It’s a lovely sunny day, and you’re out for a stroll when all of a sudden you stumble. You teeter and totter but eventually catch your balance and don’t fall. As a kneejerk reaction, you may choose to look around. You make sure nobody notices and walk off. Of course, if someone did, they may or may not say anything, and there’s a range of reactions they can have.
They could show concern for your well-being, asking, “are you okay?” or they could try to hide the laughter provoked from your teetering and tottering and ask, “are you okay?” with a humorous tone. Of course, they may look from the corner of their eye and not say a word, thus acting as if they never saw anything.
We all stumble. Life is full of these moments, and sometimes, we, the stumbler, may even get a chuckle out of it. Of course, we should know that stumble and tumble aren't the same. And thus, our reaction to those events may be different.
A stumble, as mentioned, means you teeter and totter but don’t fall. However, a tumble does end with a fall. Both are events that take place when you are walking or running. However, you must be in motion.

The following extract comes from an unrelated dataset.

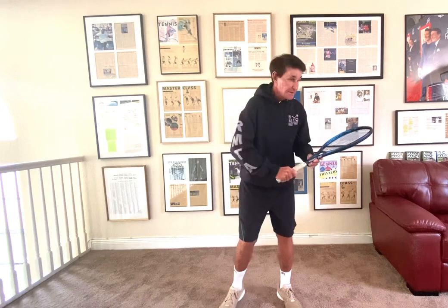Everybody gets caught up in the wrong thing, and they teach how they were taught or what they read or whatever. The game has changed a lot, but this is very important. Always try to have your students get uncomfortable — that's why they don't do it. Get the shoulders farther than the hips. It's a separation angle. At the end of the stroke, you're going to get a lot more power.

A toddler tetters and totters, and no one says a word; in fact, we encourage them to keep walking. Yet if an adult is seen in this position, people will either show sympathy, empathy, laugh, or ignore the event. I think we have a wide range of reactions because we assume the adult should already knows how to keep a balance. However, "to err is human" as Alexander Pope said.
A genuine concern should be displayed when we see someone stumble; however, often, the stumbler refuses help. The frustration of it happening, the embarrassment of others seeing it happen, and the not knowing exactly why this happened leaves the stumbler feeling with nowhere to hide. And yet, rejecting the genuine concern of others can make the event even much more dissatisfying.

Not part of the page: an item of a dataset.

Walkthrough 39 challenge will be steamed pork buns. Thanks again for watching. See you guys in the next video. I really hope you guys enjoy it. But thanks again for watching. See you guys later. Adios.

Often we see individuals who have been in leadership so long that they think they are impervious of stumbling or tumbling. And worse, when they do, they refuse any help to regain balance. Accepting help is not a sign of weakness, and it doesn’t make you less of a leader; it actually humanizes you. Often people look at the leader like a guru at the mountain top who is far more enlightened than I and thus cannot be bothered, but to err is human. And because the attention is often on the leader, people see it when they do stumble or tumble, even if from the corner of their eyes.
You may be familiar with Philippians 4:13, which states, “For I can do everything through Christ, who gives me strength.” While this is a powerful verse, I find we often overlook the next verse. “Even so, you have done well to share with me in my present difficulty.” Notice that one statement does not cancel out the other. Yes, Christ had given Paul the strength to accomplish all that he was to do. However, having that support with him in the face of adversity also provided a level of stability and security that true companionship, partnership, and help can provide.

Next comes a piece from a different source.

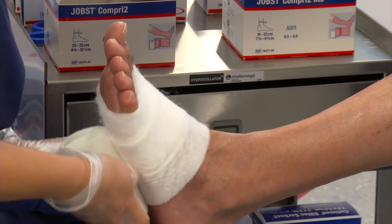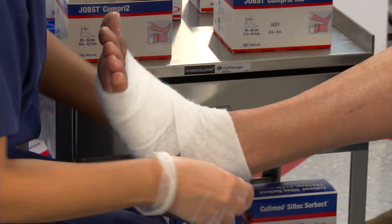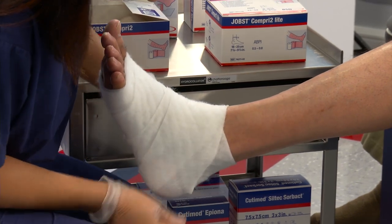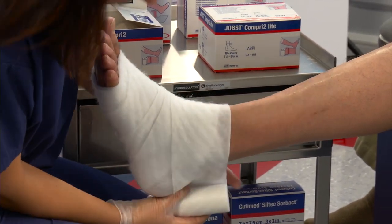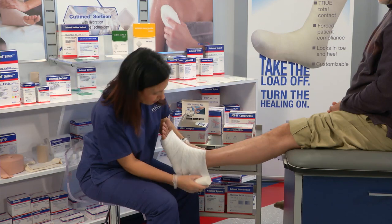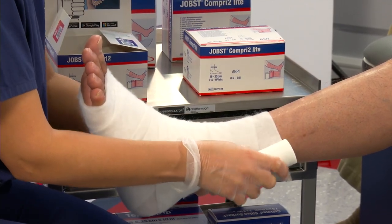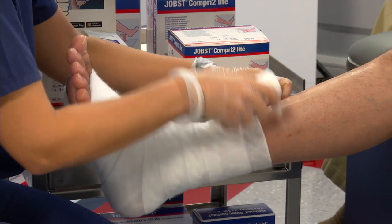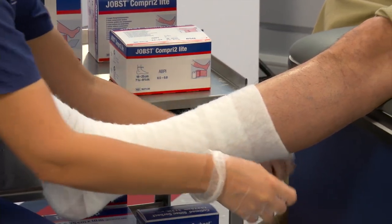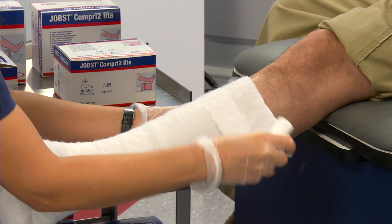Then we're going to start with a spiral up the foot. When we get to the ankle, we want to come around in a figure eight and come back to enclose the heel. We're going to continue to spiral up the leg in a 50% overlap. This bandage delivers 10 millimeters of compression, so you want to make sure that you have enough tension that it's lying evenly against the patient's skin. We're going to stop at the tibial tuberosity, two finger breadths below the crease of the knee.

So, how do we accept other people’s help in the face of a stumble? (1.) We take a deep breath, (2.) we recognize it isn’t their fault, and thus (3.) we should not take it out on them, and (4.) we take the hand that is extended to us.
Accepting help doesn’t make you less of a leader, just like acknowledging his support system in verse 14 did not negate the fact that Christ was with Paul, as stated in verse prior.